Do you have other single males in with them? If you do, that might be the reason why he is so vicious with her.


----------



## cwebster (Dec 11, 2010)

While on of our pairs was young, i had to separate them several times. Finally they got older and the males overzealousness stopped.


----------



## pigeonpants (Oct 16, 2020)

Marina B said:


> Do you have other single males in with them? If you do, that might be the reason why he is so vicious with her.


No, all of my pigeons are paired up. No single pigeons


----------



## pigeonpants (Oct 16, 2020)

cwebster said:


> While on of our pairs was young, i had to separate them several times. Finally they got older and the males overzealousness stopped.


The female is 5 years and the male is 1 year old.

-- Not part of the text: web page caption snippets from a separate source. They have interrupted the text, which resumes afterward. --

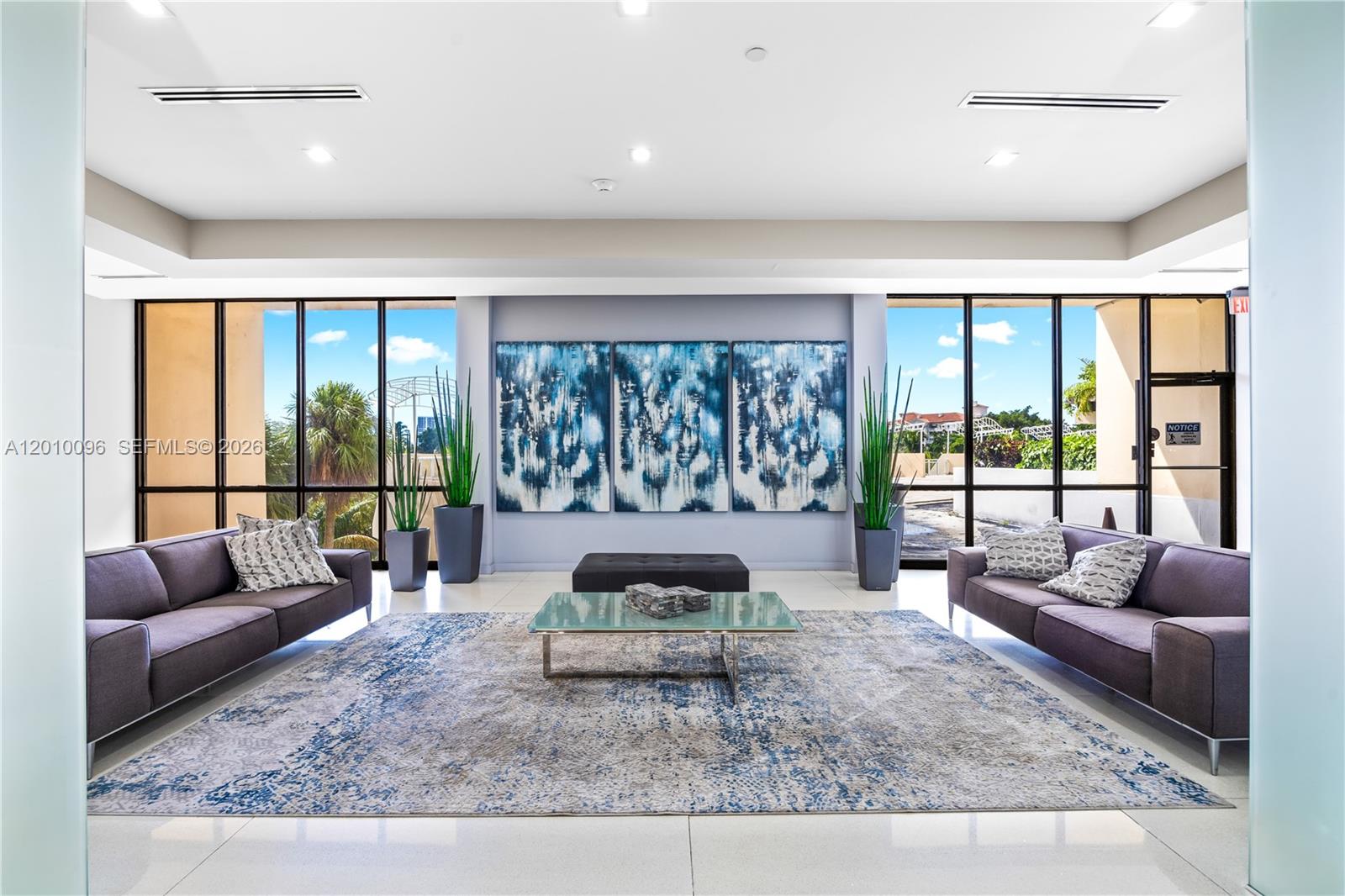 CORONADO CONDO- TOWER II - Residential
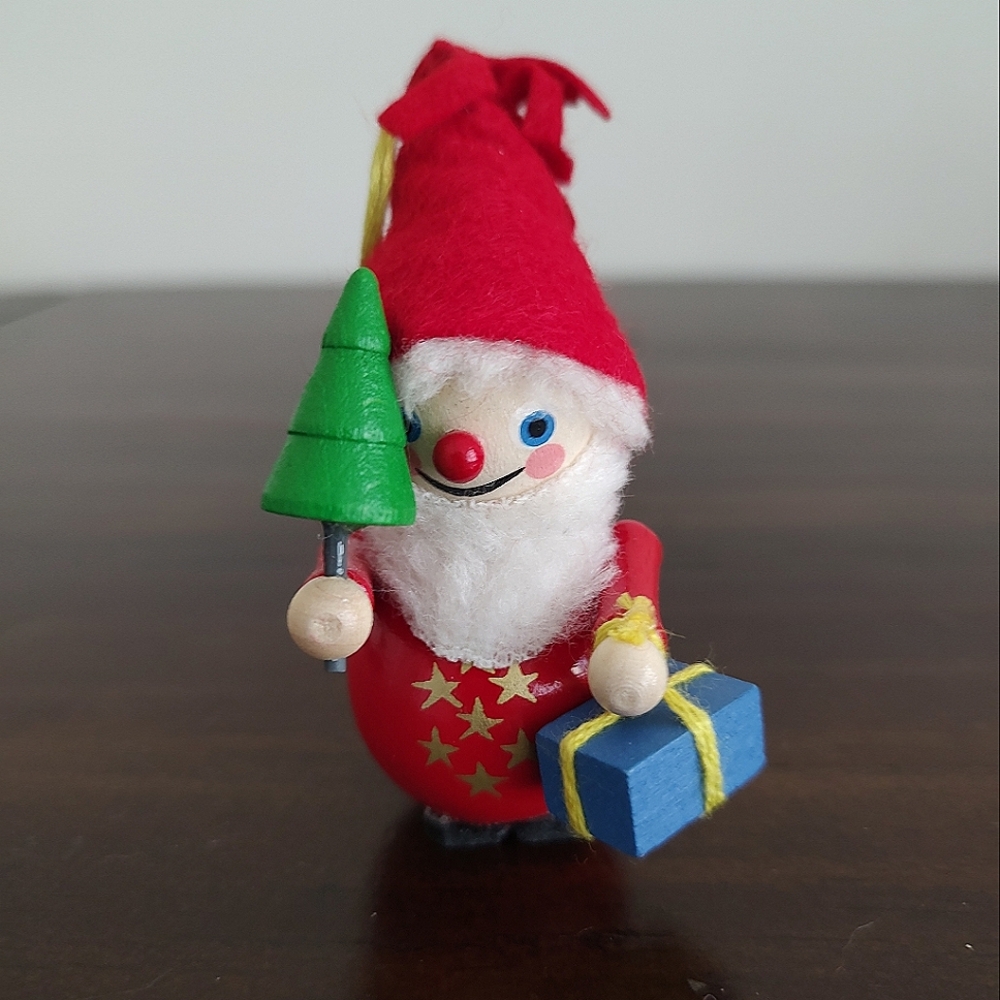 Vintage Steinbach Christmas Ornament Santa With Gift German Wood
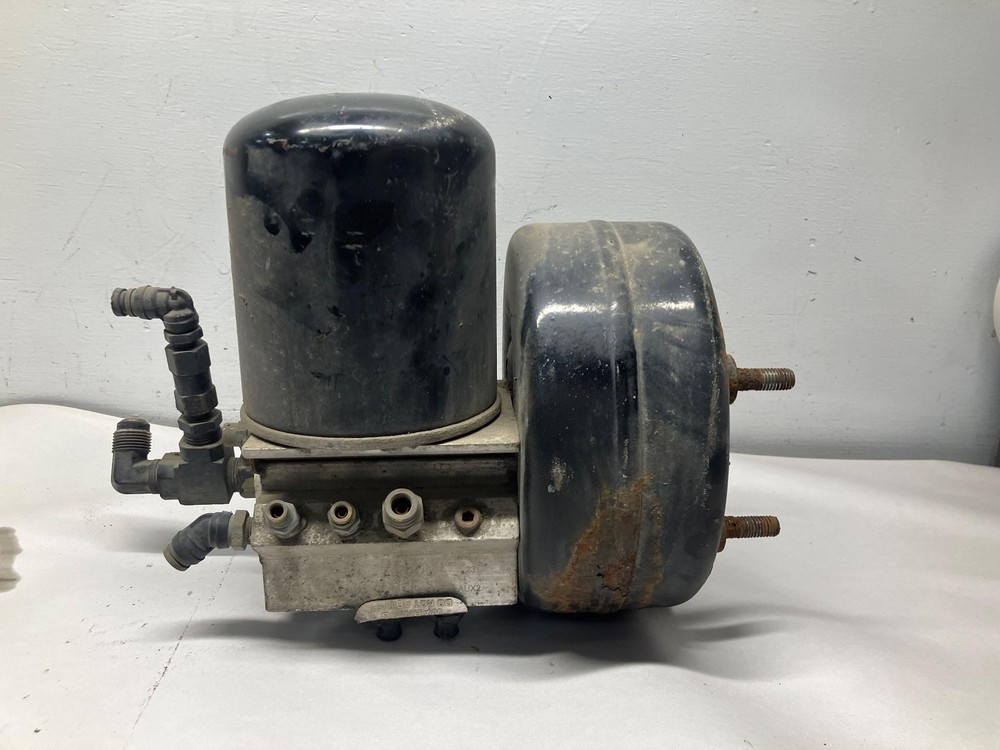 Bendix AD-IS Air Dryer - Used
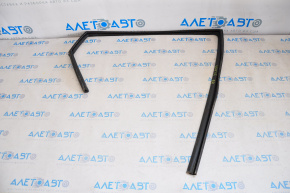 Rear right window seal for Kia Sorento 10-15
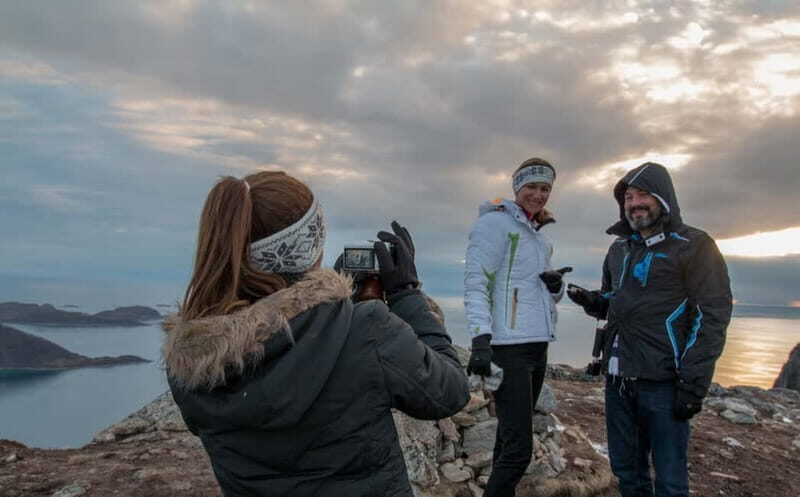 Tromsø: Midnight Sun Hike in the wilderness - The viewpoint: fjords, peaks, valleys, and excellent photo time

They are ex racing pigeons I adopted from rescue so I checked their rings for their age


----------



## cwebster (Dec 11, 2010)

Our male was obnxious for years.


----------



## pigeonpants (Oct 16, 2020)

So what can I do to make him stop biting her?


----------



## cwebster (Dec 11, 2010)

Every time Junior really got obnoxious, chasing Bussy around the cage, i moved him to a small cage next door. He had his own food, grit, and water. I would leave him there for a few days. Often, he would do his chasing when she laidan egg. I would leave him separate until she got bored from her eggs. He was on much better behavior when i put him back.


----------



## pigeonpants (Oct 16, 2020)

cwebster said:


> Every time Junior really got obnoxious, chasing Bussy around the cage, i moved him to a small cage next door. He had his own food, grit, and water. I would leave him there for a few days. Often, he would do his chasing when she laidan egg. I would leave him separate until she got bored from her eggs. He was on much better behavior when i put him back.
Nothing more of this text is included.